Por otro lado, las técnicas de reproducción abren una serie de posibilidades a la elección de los padres. Todo aquello que hasta aquí ha sido recibido, podrá ser elegido (según el tamaño de la billetera). La gratuidad propia de la transmisión de la vida dejará de ser tal: algunos de nuestros rasgos habrán sido elegidos por alguien que pudo pagarlos. Es imposible saber a ciencia cierta qué consecuencias tendrá un cambio de esa magnitud. Con todo, un intelectual tan poco conservador como Habermas ha manifestado serias reservas de que algo así pueda representar un avance para la humanidad, ya que estaríamos modificando radicalmente la “autocomprensión moral” del individuo.

Alguien podría objetar que estas aprensiones son exageradas, o derechamente fuera de lugar. Y es posible que lo sean, aunque una cosa es segura: la sede judicial no es el mejor lugar para esa discusión.
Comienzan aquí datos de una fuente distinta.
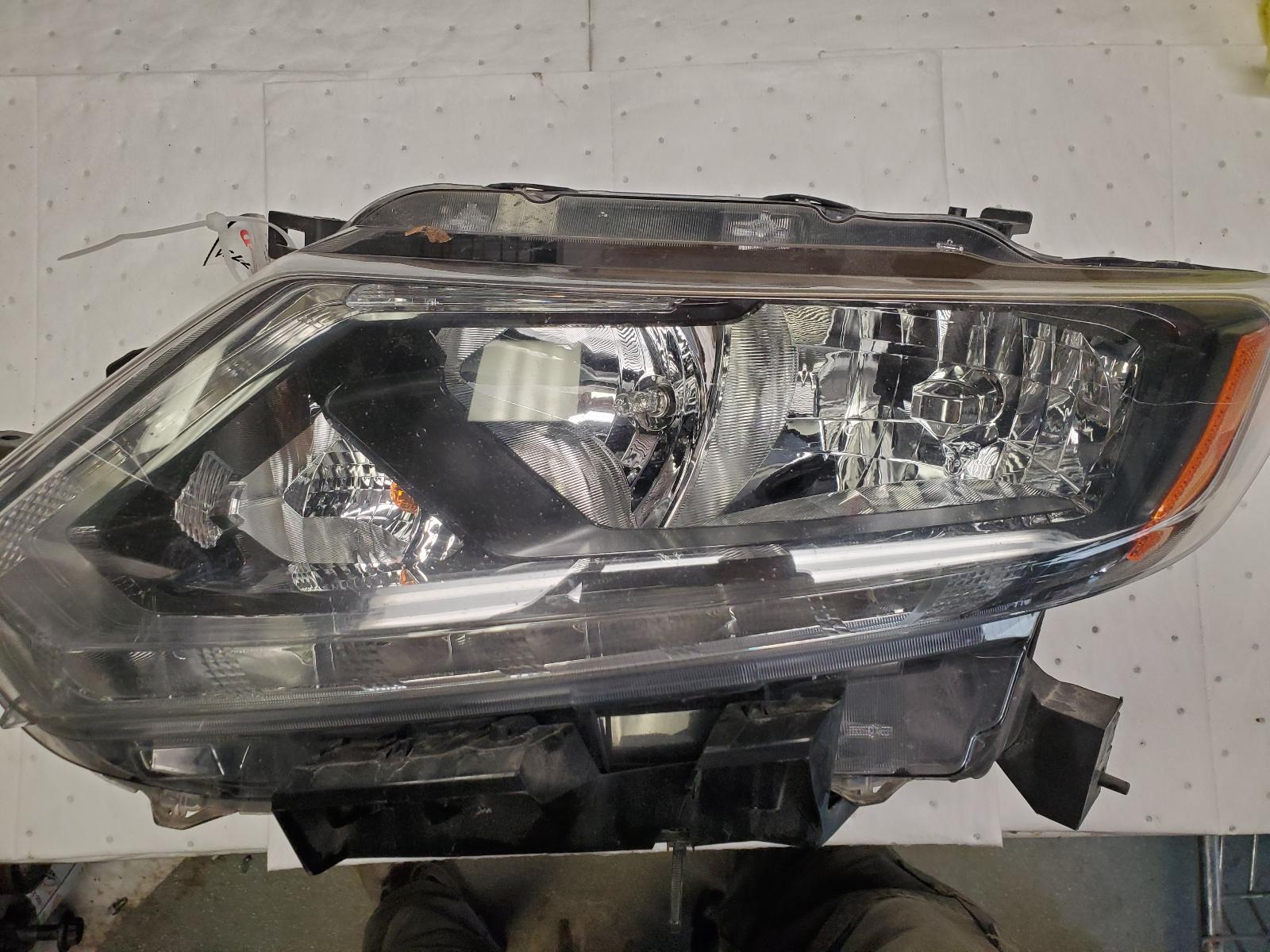 Headlight Assembly for Nissan vehicles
Un juez no está facultado para tomar decisiones de ese calibre, menos aún si contraviene normas expresas. Algunos han alabado el fallo, afirmando que estaríamos frente a una adecuada “presión legislativa”. No obstante, esa idea es muy delicada, pues supone que la legitimidad del fin perseguido autoriza a instrumentalizar al sistema judicial. Hay una vulneración al Estado de Derecho y a la separación de poderes: un juez no puede arrogarse facultades que no posee, por más justa que le parezca la causa (hace pocos días, la presidenta del Senado cometió un error del mismo tipo).

La jueza Rebolledo bien puede tener las convicciones que quiera pero, si desea empujar agendas de esta naturaleza, está en el lugar equivocado. Para eso existen partidos políticos, variadas fundaciones y ONG. El Poder Judicial cumple otra función, y quienes administran justicia tienen otros deberes. El problema es serio, con independencia del fondo del asunto. Intuyo que quienes simpatizan con este fallo serían menos benevolentes con jueces de distinta orientación que tomaran decisiones contrarias a la letra de la ley. Dicho de otro modo, la lealtad con las reglas no puede depender del resultado. Dado que tenemos diferencias, a veces muy profundas, el único lugar legítimo para zanjarlas es la instancia política. Todo el resto son atajos que debilitan a las instituciones. Será difícil después exigir que se respete la ley si aceptamos este tipo de “presiones”; y será difícil también rehabilitar la política si hemos apartado de ella los asuntos sustantivos.